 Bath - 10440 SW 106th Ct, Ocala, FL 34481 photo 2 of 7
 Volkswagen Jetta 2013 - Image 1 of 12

===============

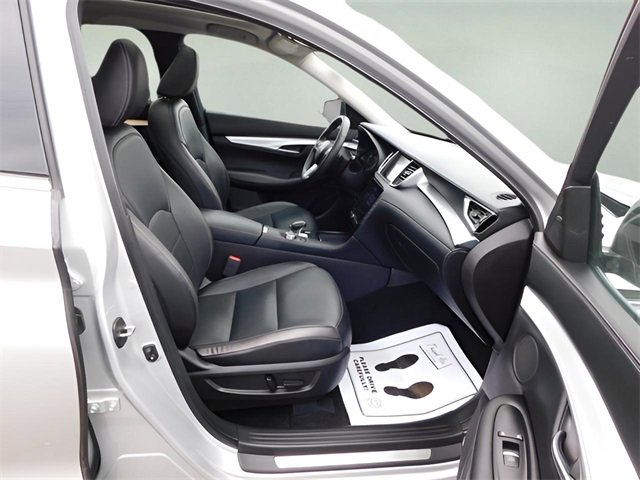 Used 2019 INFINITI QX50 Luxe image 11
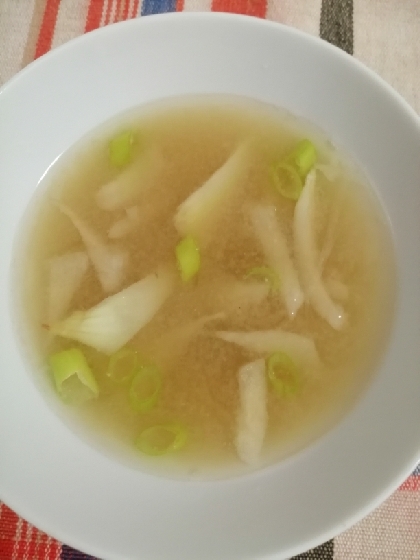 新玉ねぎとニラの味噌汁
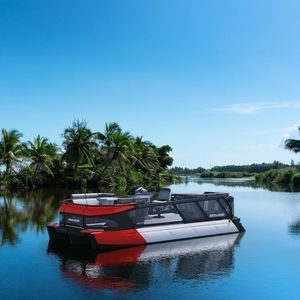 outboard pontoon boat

===============

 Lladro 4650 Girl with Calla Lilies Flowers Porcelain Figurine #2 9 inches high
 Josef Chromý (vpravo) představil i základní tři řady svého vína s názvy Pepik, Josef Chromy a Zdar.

===============

§ **EXERCISE GOAL**:
Retype exactly, and only, the lines above from the one where "Lladro 4650 Girl" occurs up to and including the one where "Josef Chromý (vpravo)" occurs.

§ **OUTPUT**:
 Lladro 4650 Girl with Calla Lilies Flowers Porcelain Figurine #2 9 inches high
 Josef Chromý (vpravo) představil i základní tři řady svého vína s názvy Pepik, Josef Chromy a Zdar.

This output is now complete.